Currently, however, canagliflozin is not recommended for patients with eGFR persistently less than 45 mL/min/1.73m2 and is contraindicated for those with eGFR less than 30 mL/min/1.73m2, end-stage renal disease, or on dialysis.
Renal benefit for canagliflozin has been seen previously in the renal endpoints trial of the Canagliflozin Cardiovascular Assessment Study (CANVAS-R) (N Engl J Med. 2017; 377:644-657).
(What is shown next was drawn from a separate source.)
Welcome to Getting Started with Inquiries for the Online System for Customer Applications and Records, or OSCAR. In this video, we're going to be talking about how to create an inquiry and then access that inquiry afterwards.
Patients taking the drug had a 40% lower rate of the composite renal endpoint (40% eGFR reduction, renal replacement therapy, or death) compared with placebo.
Delayed worsening of renal disease has also been seen with other SGLT2 inhibitors, for example, empagliflozin (Jardiance, Boehringer Ingelheim/Eli Lilly). Indeed Boehringer Ingelheim and Eli Lilly have just announced a new clinical outcomes trial of empagliflozin for the treatment of chronic kidney disease.
The study will enroll around 5000 patients who have chronic kidney disease with or without diabetes. The primary endpoint is a composite of cardiovascular death and progression of kidney disease.
AstraZeneca is also investigating its SGLT2 inhibitor, dapagliflozin (Farxiga/Forxiga), in a dedicated chronic kidney disease trial (Dapa-CKD). Those results are expected in November 2020.